Sex Differences and Diabetes Mellitus in Cardiovascular Function


ÖZDEMİR S., YARAŞ N., Turan B.

DIABETIC CARDIOMYOPATHY: BIOCHEMICAL AND MOLECULAR MECHANISMS, vol.9, pp.159-176, 2014 (SCI-Expanded) identifier

  • Publication Type: Article / Article
  • Volume: 9
  • Publication Date: 2014
  • Doi Number: 10.1007/978-1-4614-9317-4_9
  • Journal Name: DIABETIC CARDIOMYOPATHY: BIOCHEMICAL AND MOLECULAR MECHANISMS
  • Journal Indexes: Science Citation Index Expanded (SCI-EXPANDED)
  • Page Numbers: pp.159-176
  • Keywords: Diabetes, Gender differences, Action potential, Ion channels, Contraction, Ca homeostasis, Oxidative stress, LEFT-VENTRICULAR DYSFUNCTION, INDUCED CARDIAC DYSFUNCTION, GENDER-RELATED DIFFERENCES, RENIN-ANGIOTENSIN SYSTEM, OXIDATIVE STRESS, RAT-HEART, RYANODINE RECEPTOR, DIASTOLIC DYSFUNCTION, ANTIOXIDANT DEFENSES, CONTRACTILE FUNCTION
  • Lokman Hekim University Affiliated: No

Abstract

Diabetes is an increasingly widespread epidemic disease, with type 2 diabetes accounting for most of the cases. Cardiovascular complications are the most common cause of morbidity and mortality in diabetic patients. Some studies have also reported that gender difference has a profound impact in the pathogenesis, development, and severity of cardiovascular diseases in diabetic patients, although this assertion was not documented and reviewed in detail. Indeed, cardiovascular diseases are the leading cause of death among women in developed countries. Similarly, results of human and animal studies have shown that sex differences cannot be ruled out in diabetes-induced cardiovascular abnormalities. The proposed underlying mechanisms of gender-related differences in response to different stimuli in healthy and diabetic subjects are the distinction in regulation of cytosolic Ca2+ levels and the varied rate of oxidative damage.
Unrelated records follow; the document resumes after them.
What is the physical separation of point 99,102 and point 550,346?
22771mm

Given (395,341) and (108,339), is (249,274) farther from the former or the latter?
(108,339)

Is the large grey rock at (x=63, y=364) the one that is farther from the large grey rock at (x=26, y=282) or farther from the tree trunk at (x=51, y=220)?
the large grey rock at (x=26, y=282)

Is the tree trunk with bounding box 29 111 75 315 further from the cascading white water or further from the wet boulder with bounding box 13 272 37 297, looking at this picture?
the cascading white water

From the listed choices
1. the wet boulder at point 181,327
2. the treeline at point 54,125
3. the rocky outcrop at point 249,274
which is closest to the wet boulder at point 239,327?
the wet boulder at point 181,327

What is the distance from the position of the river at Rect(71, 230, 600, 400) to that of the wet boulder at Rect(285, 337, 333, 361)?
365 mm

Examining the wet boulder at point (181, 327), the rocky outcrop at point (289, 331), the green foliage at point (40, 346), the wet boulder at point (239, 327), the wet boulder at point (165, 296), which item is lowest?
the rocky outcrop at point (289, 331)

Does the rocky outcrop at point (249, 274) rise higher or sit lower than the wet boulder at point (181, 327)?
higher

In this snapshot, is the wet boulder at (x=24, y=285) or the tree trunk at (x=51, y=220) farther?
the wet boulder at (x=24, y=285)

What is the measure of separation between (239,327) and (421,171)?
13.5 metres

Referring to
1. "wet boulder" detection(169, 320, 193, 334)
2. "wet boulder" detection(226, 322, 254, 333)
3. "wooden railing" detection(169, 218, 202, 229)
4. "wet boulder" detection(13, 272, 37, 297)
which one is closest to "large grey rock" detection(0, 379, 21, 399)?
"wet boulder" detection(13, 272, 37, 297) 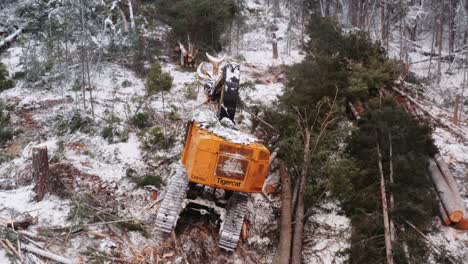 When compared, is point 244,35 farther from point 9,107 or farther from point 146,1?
point 9,107

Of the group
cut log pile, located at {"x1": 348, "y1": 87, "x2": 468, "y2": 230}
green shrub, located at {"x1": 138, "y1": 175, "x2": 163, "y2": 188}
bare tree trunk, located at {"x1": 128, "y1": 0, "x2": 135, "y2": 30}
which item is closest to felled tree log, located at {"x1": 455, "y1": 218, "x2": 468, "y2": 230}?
cut log pile, located at {"x1": 348, "y1": 87, "x2": 468, "y2": 230}

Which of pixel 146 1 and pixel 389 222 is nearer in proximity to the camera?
pixel 389 222

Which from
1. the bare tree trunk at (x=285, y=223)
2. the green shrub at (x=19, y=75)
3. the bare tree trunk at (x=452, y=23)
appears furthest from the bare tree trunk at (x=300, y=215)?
the bare tree trunk at (x=452, y=23)

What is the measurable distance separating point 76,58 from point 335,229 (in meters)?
10.4

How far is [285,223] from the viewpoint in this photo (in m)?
7.26

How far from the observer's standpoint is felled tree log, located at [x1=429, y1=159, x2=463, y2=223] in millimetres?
7656

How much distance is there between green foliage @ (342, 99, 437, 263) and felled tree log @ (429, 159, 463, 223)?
0.19m

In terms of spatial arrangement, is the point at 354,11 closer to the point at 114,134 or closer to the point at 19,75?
the point at 19,75

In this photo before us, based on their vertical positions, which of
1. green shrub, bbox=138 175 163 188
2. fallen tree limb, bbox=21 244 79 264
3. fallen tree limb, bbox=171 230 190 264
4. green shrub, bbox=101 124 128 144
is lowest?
fallen tree limb, bbox=171 230 190 264

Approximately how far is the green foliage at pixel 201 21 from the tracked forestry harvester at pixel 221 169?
8809mm

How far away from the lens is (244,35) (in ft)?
70.8

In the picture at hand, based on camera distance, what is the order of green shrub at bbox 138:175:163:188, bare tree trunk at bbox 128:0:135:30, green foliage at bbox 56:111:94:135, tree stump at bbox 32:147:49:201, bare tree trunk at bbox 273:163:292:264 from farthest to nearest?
bare tree trunk at bbox 128:0:135:30, green foliage at bbox 56:111:94:135, green shrub at bbox 138:175:163:188, tree stump at bbox 32:147:49:201, bare tree trunk at bbox 273:163:292:264

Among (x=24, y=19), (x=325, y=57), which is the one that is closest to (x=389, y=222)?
(x=325, y=57)

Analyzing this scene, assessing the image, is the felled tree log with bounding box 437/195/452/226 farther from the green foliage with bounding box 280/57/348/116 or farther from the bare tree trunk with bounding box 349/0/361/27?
the bare tree trunk with bounding box 349/0/361/27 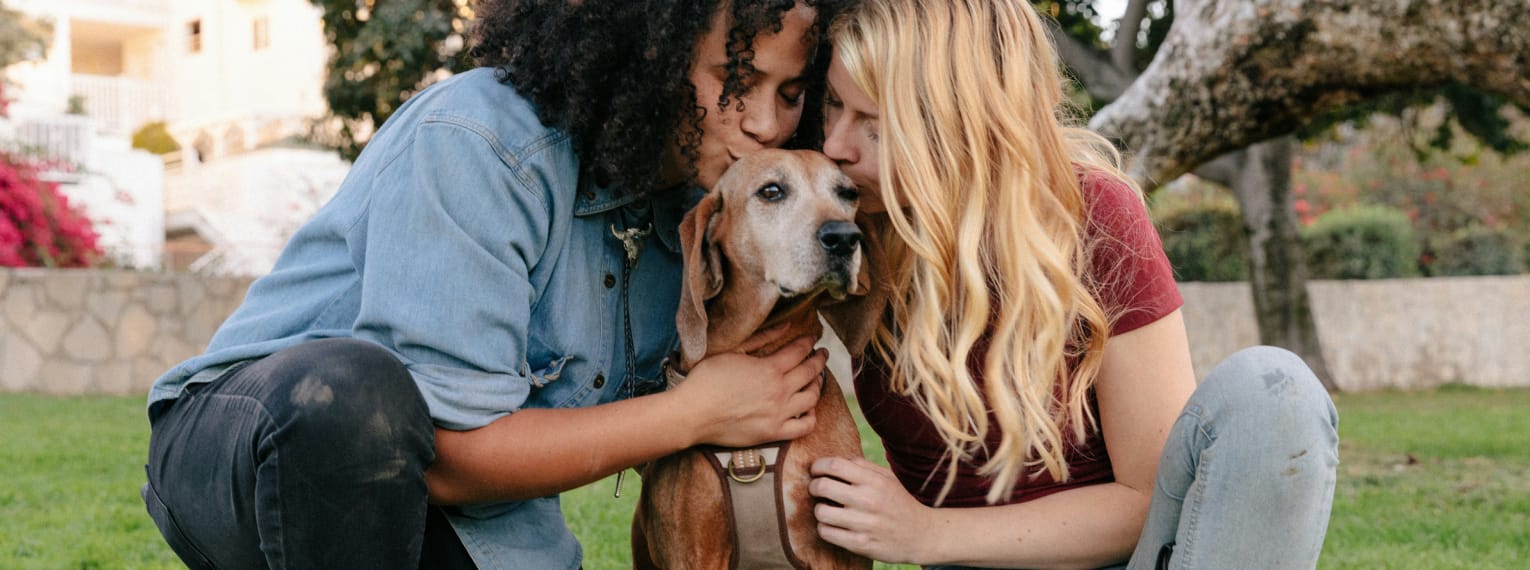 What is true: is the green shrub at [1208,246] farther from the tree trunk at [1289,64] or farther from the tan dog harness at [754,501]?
the tan dog harness at [754,501]

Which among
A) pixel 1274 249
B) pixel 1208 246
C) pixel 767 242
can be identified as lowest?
pixel 1208 246

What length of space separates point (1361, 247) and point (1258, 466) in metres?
15.4

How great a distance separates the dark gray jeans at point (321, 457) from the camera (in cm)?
209

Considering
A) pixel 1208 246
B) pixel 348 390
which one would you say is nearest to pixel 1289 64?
pixel 348 390

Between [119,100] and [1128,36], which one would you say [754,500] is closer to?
[1128,36]

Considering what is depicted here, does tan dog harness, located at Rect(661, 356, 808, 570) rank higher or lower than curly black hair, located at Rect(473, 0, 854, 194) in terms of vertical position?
lower

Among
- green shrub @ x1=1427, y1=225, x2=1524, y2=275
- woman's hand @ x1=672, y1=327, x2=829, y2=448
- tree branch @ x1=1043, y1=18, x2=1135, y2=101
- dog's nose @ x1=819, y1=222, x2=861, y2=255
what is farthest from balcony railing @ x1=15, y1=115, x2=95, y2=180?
green shrub @ x1=1427, y1=225, x2=1524, y2=275

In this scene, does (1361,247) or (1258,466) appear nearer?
(1258,466)

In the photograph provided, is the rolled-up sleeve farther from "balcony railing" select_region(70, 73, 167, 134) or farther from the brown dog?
"balcony railing" select_region(70, 73, 167, 134)

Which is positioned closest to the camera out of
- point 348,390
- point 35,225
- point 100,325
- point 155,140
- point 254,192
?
point 348,390

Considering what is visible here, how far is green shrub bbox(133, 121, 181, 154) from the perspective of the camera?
20188mm

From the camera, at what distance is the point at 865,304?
9.02 ft

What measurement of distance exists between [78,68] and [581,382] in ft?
77.0

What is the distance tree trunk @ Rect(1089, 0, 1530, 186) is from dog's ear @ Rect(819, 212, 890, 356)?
3133mm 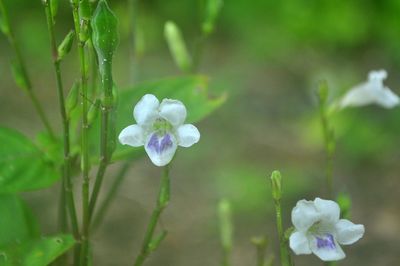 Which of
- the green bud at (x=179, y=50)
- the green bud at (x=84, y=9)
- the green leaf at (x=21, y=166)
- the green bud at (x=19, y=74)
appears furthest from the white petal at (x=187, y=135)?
the green bud at (x=179, y=50)

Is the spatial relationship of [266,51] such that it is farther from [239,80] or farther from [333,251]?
[333,251]

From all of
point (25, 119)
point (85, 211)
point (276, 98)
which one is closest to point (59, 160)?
point (85, 211)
The female rat myocardium is more resistant to diabetes-induced cardiac dysfunction than that of male rats, but this female advantage is canceled in postmenopausal individuals. Therefore, it is possible to suggest that estrogen can exert protective effects against diabetes through modulation of altered Ca2+ dynamics and reduction of oxidative damage in the heart. Although the current findings provide convincing evidence about the sex-related differences in diabetes-induced cardiovascular pathology, further studies are needed to clarify the underlying mechanisms of this distinction.